[Exercise description]
An exact copy of all the data is needed, with every picture left out.

[Recorded data]
★ ★ ★ ★
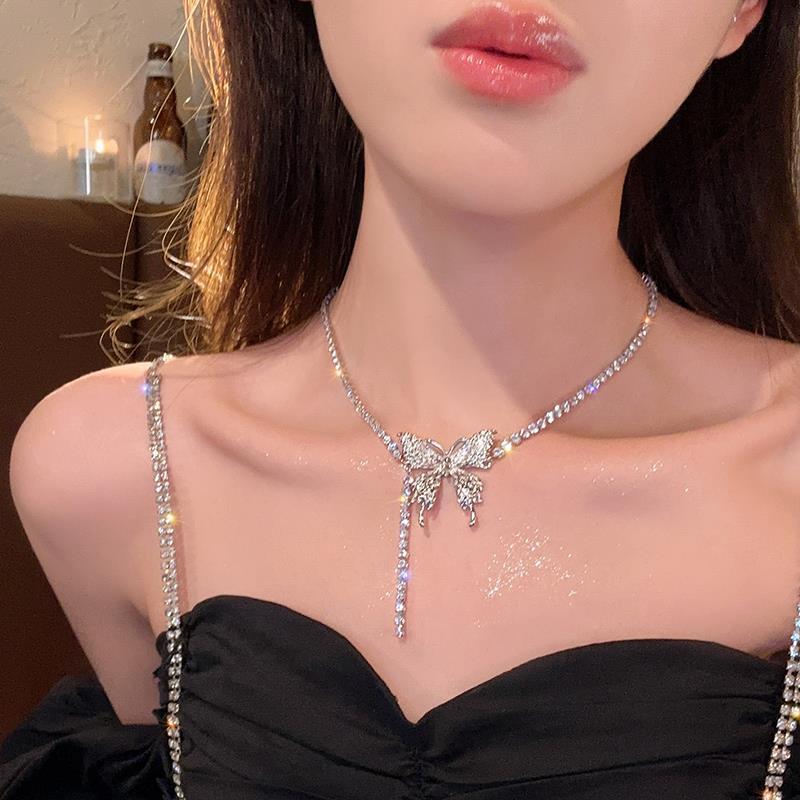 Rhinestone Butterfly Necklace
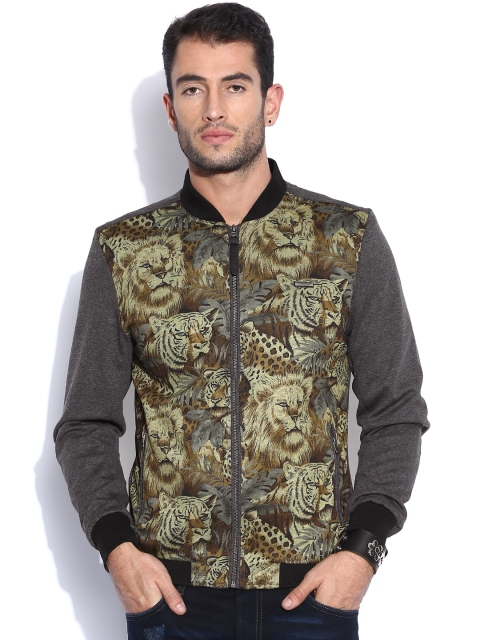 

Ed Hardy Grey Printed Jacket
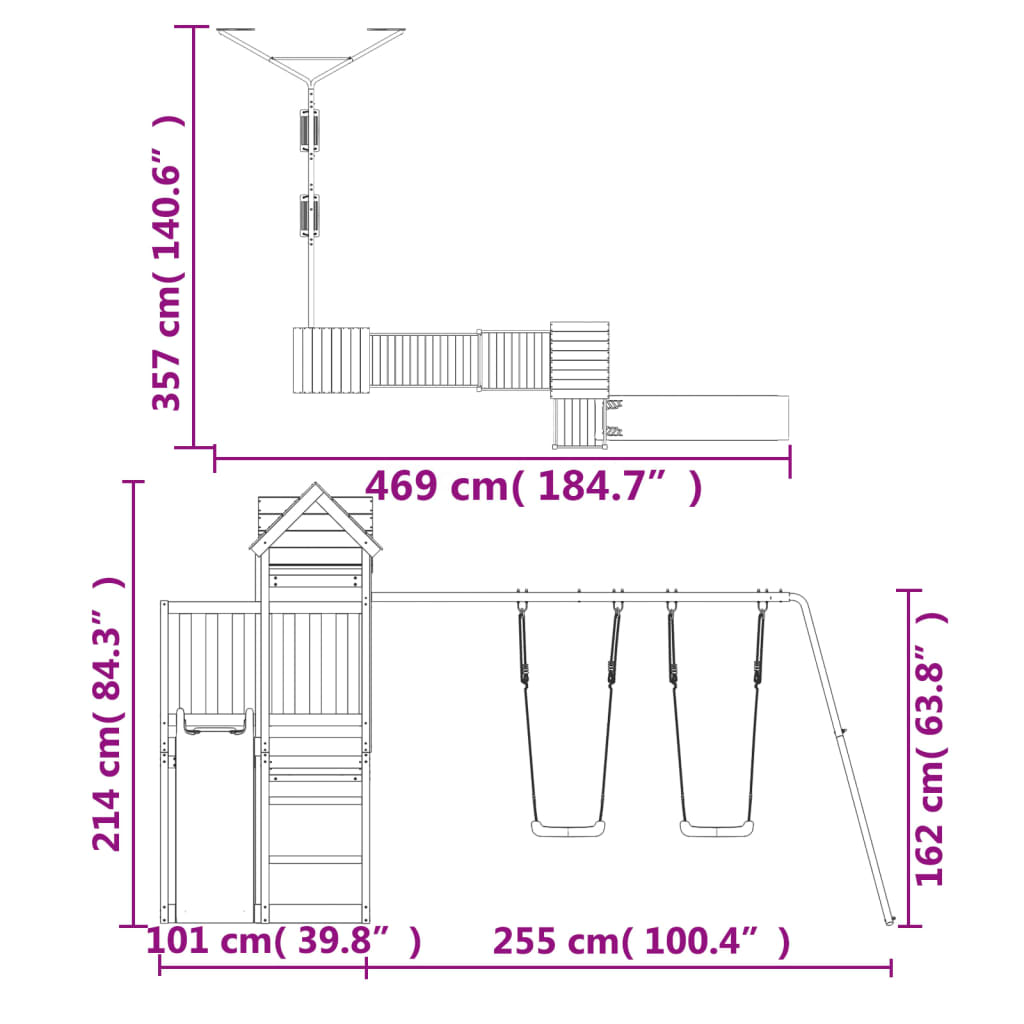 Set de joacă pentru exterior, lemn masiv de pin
★ ★ ★ ★
[Task output]
 Rhinestone Butterfly Necklace

Ed Hardy Grey Printed Jacket
 Set de joacă pentru exterior, lemn masiv de pin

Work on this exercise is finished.